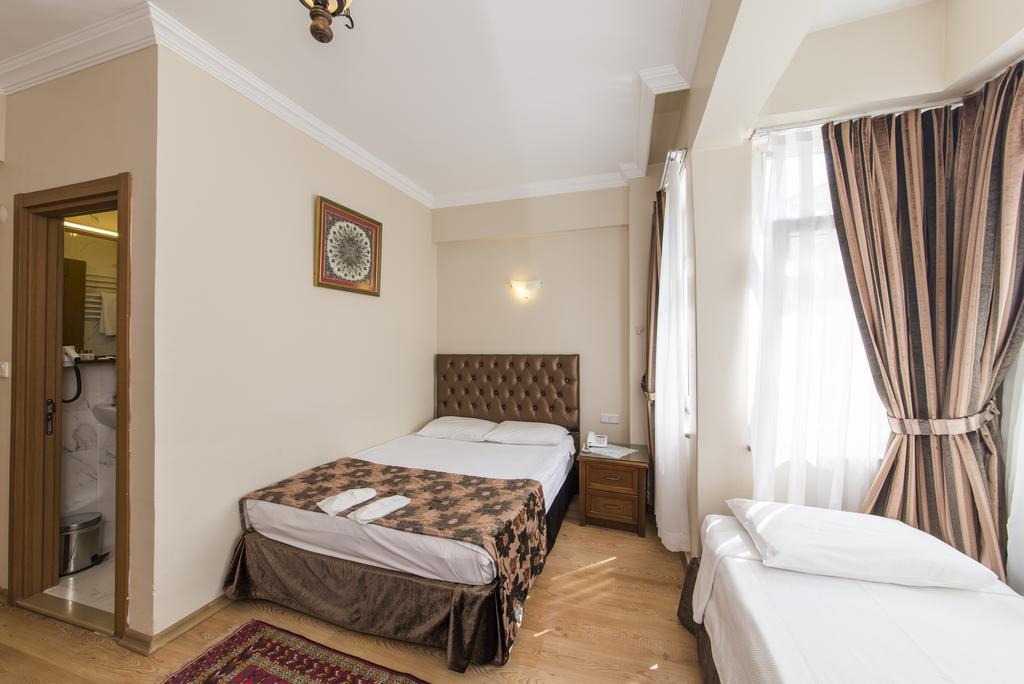 Sultan'S Inn Istanbul Luaran gambar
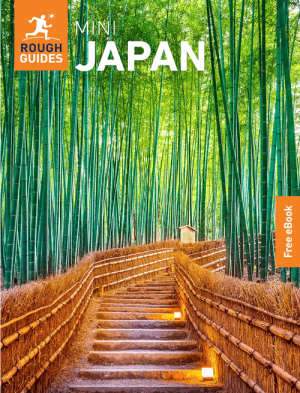 Reisgids Japan - Rough Guides Mini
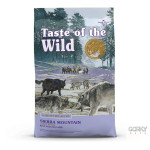 Taste of the Wild Sierra Mountain Adult Borrego | Ração Cão
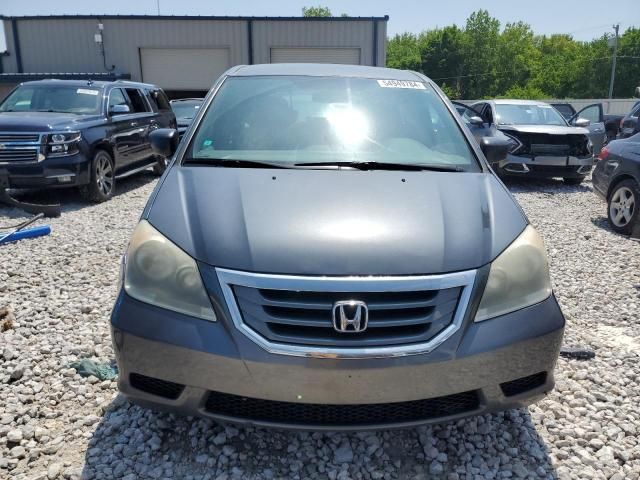 2010 Honda Odyssey DX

::::

_Exercise prompt_.
With pictures omitted, restate exactly every line from the one containing "Taste of the" through the last line of the material, inclusive.

_Response below_.
 Taste of the Wild Sierra Mountain Adult Borrego | Ração Cão
 2010 Honda Odyssey DX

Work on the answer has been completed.